Lucknow is considered as one of the gastronomical capitals of India. Its nawabi heritage is evident even today in its exquisite Awadhi cuisine—a unique refinement of Mughlai culinary traditions that is characterised by complex techniques and an amazing depth of tastes. Indeed, the food culture of Lucknow is the product of both science and art, passion and centuries-old kitchen secrets. It plays with your palate, tricks your gastronomic senses, and leaves you hungry for more.

From the melt-in-your-mouth tunday kebabs to the lip-smacking Awadhi—biryani locally called pulao—the food in Lucknow truly leaves you spellbound. On a recent trip to the city, the first thing we noticed is how much time the locals devote to food. From morning to late at night, Lucknowallahs are either eating or discussing what to eat next. And given the range of options available who can blame them.

Everyone in Lucknow has an opinion about the best korma, the best chaat, or the best kulfi. They seriously know their food and could easily be described as some of the most knowledgeable food connoisseurs in the world. And these food connoisseurs strongly recommended that we try the food at Idriss in the Chowk area of the city.

So off we went hunting for Idriss and its legendary biryani. And after reaching our destination we were assaulted by a range of emotions. For we found ourselves at a grimy hole-in-the-wall that barely had space for two wooden tables. Yet, the aroma of food being cooked in pots over coal fire prevented us from making a hasty retreat.

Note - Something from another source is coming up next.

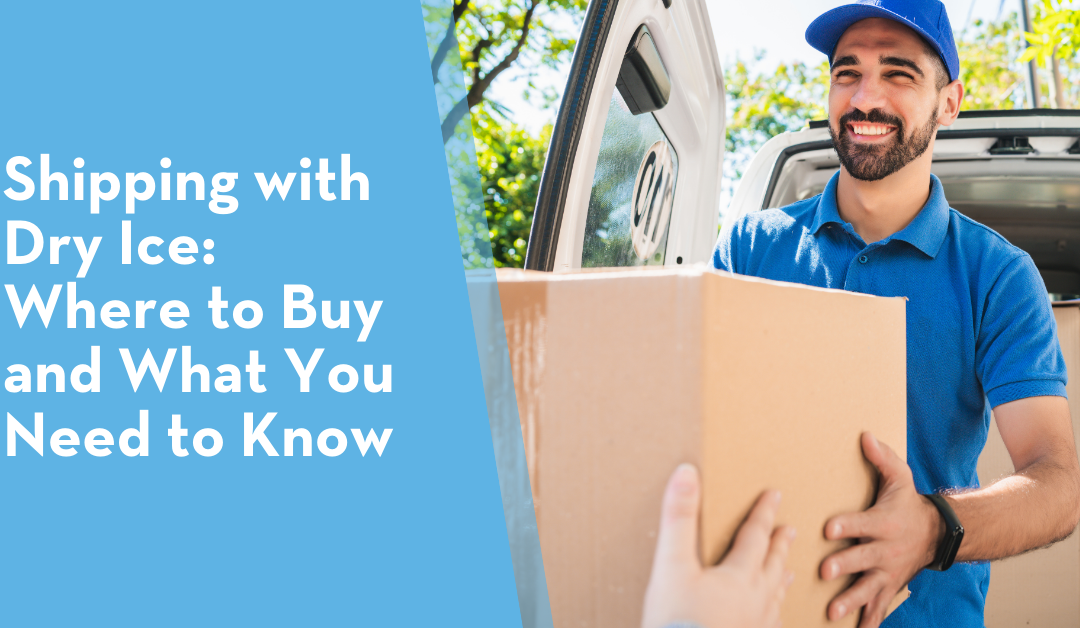 Shipping with Dry Ice: Where to Buy and What You Need to Know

As soon as our hosts got to know that we had come all the way from Delhi to sample their food, they took it as a matter of honour to overwhelm us with their culinary delights. Out came the most flavourful, succulent mutton korma that I had ever tasted—only comparison could be made to my mother’s korma and that’s saying something. Then came a delectable mutton stew. But what really bowled us over was the Idriss special daal. I never knew that ordinary moong daal could taste so extraordinary.

But we had missed out on the biryani because it was still being prepared. We were told to come back in the evening—an invitation we simply couldn’t resist. So as we returned to Idriss in the evening, we saw the place full of people from all walks of life. Some were sitting and eating, some were waiting their turn, some were ordering takeaway. And as we dug into our mutton biryani/pulao our palates began dancing with joy.

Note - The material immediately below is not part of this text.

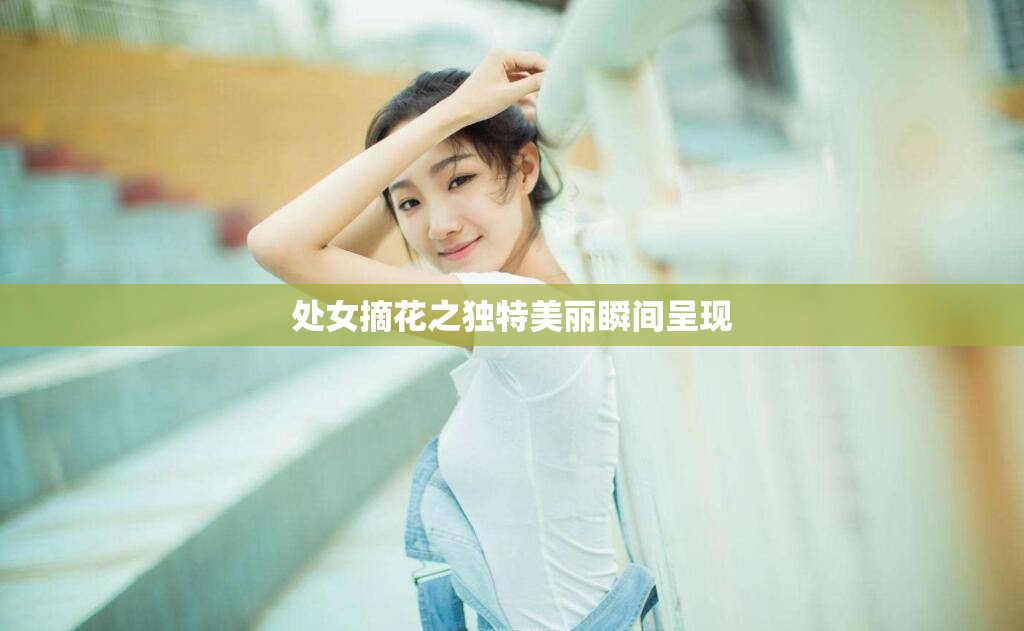 处女摘花之独特美丽瞬间呈现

But the real revelation came to me when I looked around at all the happy people enjoying their food. And I realised that in Lucknow food is a great leveller. You could be a rickshaw puller or a wealthy businessman, but all come to Idriss to satisfy their gastronomic senses. And that is the true greatness of Lucknow’s food culture that transcends class, caste and religious barriers. Here’s to Lucknow and the love of food.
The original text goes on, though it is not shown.